Offense Has to be Productive

The Cowboys are still atop the NFC East. They still have the second best record in the NFC at 7-3. But what's also certain is that if they don't get more production out of their offense, starting Sunday against the Panthers, their playoffs hopes might fade as well.

Following the Panthers is a Thanksgiving Day battle against the Dolphins and then a division showdown against the red-hot Eagles, who have won five straight games.

"I think we do have an opportunity," Coach Bill Parcells said. "But if we don't improve ourselves from what we did [against New England], we don't have any chance at all."

Against the Patriots the Cowboys got another solid effort from their top-ranked defense but self-destructing play offense gave them no chance.

And Parcells said that can't happen again.

"It's crystal clear what happened. We just didn't give ourselves a chance to do anything," Parcells said. "Eleven mental errors, four dropped balls, five offensive penalties, three turnovers and a sack. This is all on offense."

Parcells realizes, as long as these bouts of ineptitude remain, losing will too. You can't drop balls, jump offside, throw interceptions, not protect your quarterback and run the wrong routes and expect to win too many games. istakes almost always lose them, not vice versa.

All of which is fixable, which Parcells quickly noted is quite different from fixed. "It's back to that, 'Just because you know what the problem is, you don't always do a good job with it,'" he said, adding that mental errors, drops and penalties all result from lack of player concentration. "But we haven't got much time to dwell on that."

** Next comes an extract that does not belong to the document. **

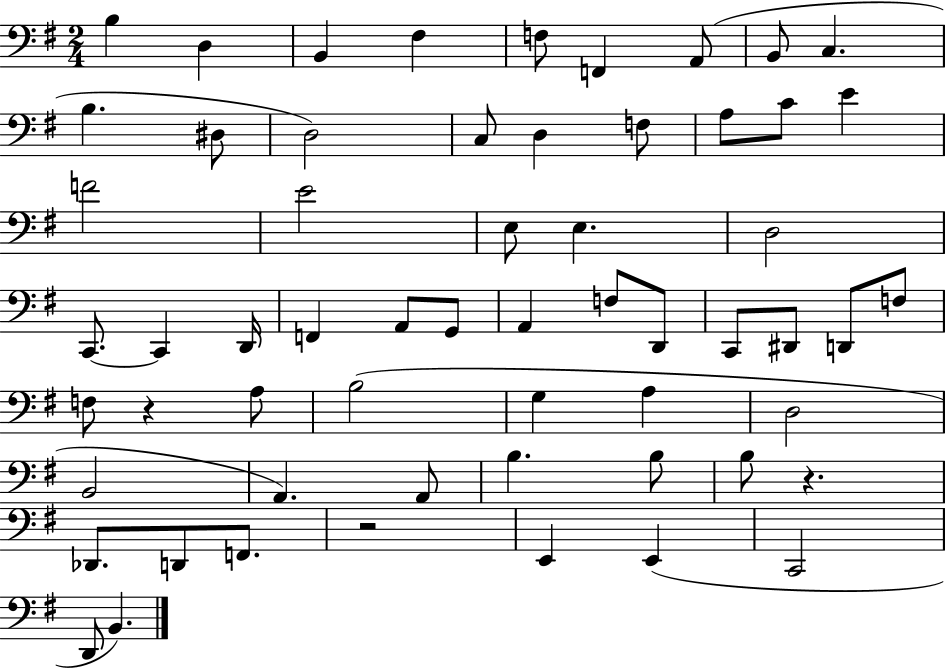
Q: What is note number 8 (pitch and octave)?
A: B2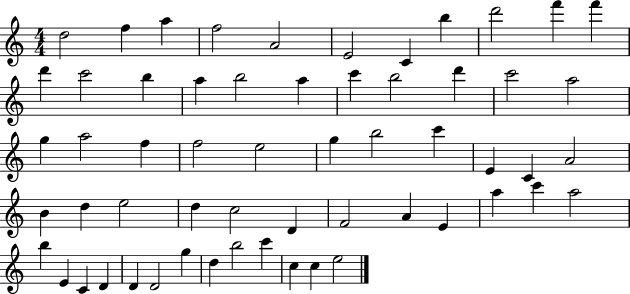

The Cowboys are three games into a five-game November stretch Parcells dubbed "Showtime" a couple of weeks ago. So far, so good. They are 2-1. But they need to win at least one, if not both, of their next two games against Carolina and Miami. Neither is easy. The Panthers are one of the best defensive teams in the league. The Dolphins, who come in four days after the Panthers for Thanksgiving, are no slouches either.

What the Cowboys need to do between now and then is locate their offense. But the problem areas are more plentiful than the non-problem areas.

The offensive line has reverted to last season's poor form against the bigger and badder defensive lines in the NFL. The running game has been nonexistent. There are no clear playmakers. And the passing game, which was spectacular early, seemingly has dwindled every week before virtually disappearing Sunday in New England.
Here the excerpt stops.